» **WORK TO COMPLETE**:
Locate, in the data below, the line that contains "Kuchyň nebo kuchyňský" and the line that contains "2nd image of 817 N 9th St"; reproduce exactly those two lines and every line between them, nothing more.

Dataset entries
⁂

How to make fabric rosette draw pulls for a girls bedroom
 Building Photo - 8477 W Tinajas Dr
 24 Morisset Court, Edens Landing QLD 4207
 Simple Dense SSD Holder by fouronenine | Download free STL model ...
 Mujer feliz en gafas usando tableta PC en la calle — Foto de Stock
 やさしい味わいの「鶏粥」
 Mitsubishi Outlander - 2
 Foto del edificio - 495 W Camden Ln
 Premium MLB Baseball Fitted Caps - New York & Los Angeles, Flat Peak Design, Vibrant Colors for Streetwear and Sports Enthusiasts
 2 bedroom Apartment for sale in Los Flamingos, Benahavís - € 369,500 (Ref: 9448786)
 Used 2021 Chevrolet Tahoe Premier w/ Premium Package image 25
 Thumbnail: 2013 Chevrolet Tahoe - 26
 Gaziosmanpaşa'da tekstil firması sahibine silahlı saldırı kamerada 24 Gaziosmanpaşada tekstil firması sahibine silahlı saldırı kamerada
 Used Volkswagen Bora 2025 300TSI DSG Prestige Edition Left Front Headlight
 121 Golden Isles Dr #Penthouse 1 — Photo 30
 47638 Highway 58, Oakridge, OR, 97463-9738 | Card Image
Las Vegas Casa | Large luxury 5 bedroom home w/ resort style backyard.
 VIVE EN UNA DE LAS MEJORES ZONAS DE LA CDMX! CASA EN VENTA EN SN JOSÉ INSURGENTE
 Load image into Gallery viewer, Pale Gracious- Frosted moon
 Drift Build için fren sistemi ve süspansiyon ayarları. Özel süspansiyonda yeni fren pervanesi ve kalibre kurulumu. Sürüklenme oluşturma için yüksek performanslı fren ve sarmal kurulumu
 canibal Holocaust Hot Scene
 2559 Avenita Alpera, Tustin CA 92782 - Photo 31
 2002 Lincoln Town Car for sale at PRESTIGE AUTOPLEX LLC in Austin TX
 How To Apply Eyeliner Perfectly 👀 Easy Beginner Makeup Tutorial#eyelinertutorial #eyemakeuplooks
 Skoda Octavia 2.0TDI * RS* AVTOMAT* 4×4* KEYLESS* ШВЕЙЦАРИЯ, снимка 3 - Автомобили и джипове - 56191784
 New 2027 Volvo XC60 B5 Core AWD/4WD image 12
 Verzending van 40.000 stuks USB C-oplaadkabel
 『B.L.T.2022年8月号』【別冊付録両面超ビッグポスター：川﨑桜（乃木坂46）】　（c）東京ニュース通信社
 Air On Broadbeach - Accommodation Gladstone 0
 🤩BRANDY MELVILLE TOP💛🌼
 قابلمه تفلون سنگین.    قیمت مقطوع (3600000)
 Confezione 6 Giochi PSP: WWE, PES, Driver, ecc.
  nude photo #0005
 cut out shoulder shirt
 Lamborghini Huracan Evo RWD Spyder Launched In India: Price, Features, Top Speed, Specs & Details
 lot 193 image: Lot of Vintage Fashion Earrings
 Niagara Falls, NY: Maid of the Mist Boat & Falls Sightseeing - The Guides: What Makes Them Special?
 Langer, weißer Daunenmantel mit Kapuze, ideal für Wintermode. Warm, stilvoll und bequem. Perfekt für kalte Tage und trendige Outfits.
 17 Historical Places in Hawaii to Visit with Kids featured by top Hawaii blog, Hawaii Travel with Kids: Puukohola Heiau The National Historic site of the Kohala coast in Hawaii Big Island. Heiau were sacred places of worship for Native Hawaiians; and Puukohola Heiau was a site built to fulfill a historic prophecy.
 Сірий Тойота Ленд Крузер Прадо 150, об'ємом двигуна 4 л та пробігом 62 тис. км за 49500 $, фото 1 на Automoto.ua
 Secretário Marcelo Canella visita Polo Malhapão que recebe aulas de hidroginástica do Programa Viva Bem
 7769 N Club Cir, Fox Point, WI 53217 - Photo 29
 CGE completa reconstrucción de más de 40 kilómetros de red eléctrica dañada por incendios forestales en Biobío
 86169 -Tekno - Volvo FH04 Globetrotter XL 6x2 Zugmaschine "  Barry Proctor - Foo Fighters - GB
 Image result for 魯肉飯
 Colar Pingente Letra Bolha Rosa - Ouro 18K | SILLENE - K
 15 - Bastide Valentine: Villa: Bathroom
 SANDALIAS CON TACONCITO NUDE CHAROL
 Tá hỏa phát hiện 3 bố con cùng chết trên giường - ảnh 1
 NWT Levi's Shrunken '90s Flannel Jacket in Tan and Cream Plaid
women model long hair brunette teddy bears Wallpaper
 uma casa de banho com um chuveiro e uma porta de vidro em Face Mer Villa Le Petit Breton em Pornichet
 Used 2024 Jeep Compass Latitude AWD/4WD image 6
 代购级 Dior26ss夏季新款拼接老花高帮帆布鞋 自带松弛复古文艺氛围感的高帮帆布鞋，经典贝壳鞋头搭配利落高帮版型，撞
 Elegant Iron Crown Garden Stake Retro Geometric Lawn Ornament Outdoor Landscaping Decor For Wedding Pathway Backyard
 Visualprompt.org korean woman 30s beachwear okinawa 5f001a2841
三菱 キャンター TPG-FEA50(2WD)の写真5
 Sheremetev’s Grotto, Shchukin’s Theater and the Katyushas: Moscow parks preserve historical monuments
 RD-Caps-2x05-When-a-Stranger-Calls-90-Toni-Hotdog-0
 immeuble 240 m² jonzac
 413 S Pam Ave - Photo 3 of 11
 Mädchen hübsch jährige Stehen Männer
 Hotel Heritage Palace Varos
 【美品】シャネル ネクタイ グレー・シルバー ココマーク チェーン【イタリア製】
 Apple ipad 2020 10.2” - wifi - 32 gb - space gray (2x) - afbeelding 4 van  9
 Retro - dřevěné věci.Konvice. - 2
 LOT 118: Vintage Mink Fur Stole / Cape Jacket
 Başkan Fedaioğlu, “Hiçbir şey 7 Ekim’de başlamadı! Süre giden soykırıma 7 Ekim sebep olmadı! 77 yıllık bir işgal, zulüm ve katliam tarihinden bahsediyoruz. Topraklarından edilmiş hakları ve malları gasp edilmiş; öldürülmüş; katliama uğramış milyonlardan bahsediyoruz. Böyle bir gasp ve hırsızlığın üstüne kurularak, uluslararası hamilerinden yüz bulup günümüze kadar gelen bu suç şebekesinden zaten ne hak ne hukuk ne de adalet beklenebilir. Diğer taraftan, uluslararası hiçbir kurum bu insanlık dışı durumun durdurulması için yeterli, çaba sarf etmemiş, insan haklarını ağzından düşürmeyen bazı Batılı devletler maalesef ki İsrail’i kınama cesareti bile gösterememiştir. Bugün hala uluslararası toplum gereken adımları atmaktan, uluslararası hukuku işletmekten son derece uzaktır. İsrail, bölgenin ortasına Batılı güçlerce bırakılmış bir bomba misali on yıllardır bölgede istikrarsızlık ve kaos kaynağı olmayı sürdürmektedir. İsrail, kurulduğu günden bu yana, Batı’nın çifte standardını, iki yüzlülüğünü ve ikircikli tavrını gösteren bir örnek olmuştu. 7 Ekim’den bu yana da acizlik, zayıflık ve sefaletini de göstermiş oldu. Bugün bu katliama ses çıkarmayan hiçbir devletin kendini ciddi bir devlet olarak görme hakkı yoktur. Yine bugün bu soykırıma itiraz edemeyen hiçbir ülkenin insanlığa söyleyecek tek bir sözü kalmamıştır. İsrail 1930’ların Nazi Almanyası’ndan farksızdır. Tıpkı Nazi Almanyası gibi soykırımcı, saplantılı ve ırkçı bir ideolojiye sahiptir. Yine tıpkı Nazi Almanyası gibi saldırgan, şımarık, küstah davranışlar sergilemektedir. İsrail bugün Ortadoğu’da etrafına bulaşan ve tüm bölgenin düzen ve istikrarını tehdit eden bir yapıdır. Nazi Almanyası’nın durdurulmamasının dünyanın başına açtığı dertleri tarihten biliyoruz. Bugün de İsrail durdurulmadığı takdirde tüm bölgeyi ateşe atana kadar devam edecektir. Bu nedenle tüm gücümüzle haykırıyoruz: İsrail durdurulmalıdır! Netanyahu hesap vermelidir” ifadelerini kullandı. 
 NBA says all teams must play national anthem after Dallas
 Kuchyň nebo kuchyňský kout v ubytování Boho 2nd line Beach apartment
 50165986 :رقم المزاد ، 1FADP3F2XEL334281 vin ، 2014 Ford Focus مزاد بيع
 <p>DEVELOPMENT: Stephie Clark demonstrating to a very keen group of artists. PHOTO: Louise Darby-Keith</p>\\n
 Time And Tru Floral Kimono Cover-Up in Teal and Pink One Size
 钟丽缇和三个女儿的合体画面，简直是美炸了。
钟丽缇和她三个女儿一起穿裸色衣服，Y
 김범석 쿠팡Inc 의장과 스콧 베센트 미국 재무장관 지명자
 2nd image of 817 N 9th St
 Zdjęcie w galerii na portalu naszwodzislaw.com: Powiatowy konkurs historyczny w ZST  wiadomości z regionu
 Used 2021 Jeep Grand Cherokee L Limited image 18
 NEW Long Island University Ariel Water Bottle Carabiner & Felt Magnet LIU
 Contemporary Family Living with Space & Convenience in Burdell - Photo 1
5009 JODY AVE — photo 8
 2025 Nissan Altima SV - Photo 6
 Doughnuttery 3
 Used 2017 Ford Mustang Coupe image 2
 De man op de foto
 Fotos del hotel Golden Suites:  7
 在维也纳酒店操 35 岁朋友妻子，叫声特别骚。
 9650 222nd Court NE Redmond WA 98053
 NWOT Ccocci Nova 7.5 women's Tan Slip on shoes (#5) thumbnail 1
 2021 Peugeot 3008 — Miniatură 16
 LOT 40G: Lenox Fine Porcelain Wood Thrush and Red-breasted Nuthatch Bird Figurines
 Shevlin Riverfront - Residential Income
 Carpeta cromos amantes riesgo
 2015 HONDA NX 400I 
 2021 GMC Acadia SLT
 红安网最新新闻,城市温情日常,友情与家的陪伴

⁂

» **SOLUTION FOR THIS PROBLEM**:
 Kuchyň nebo kuchyňský kout v ubytování Boho 2nd line Beach apartment
 50165986 :رقم المزاد ، 1FADP3F2XEL334281 vin ، 2014 Ford Focus مزاد بيع
 <p>DEVELOPMENT: Stephie Clark demonstrating to a very keen group of artists. PHOTO: Louise Darby-Keith</p>\\n
 Time And Tru Floral Kimono Cover-Up in Teal and Pink One Size
 钟丽缇和三个女儿的合体画面，简直是美炸了。
钟丽缇和她三个女儿一起穿裸色衣服，Y
 김범석 쿠팡Inc 의장과 스콧 베센트 미국 재무장관 지명자
 2nd image of 817 N 9th St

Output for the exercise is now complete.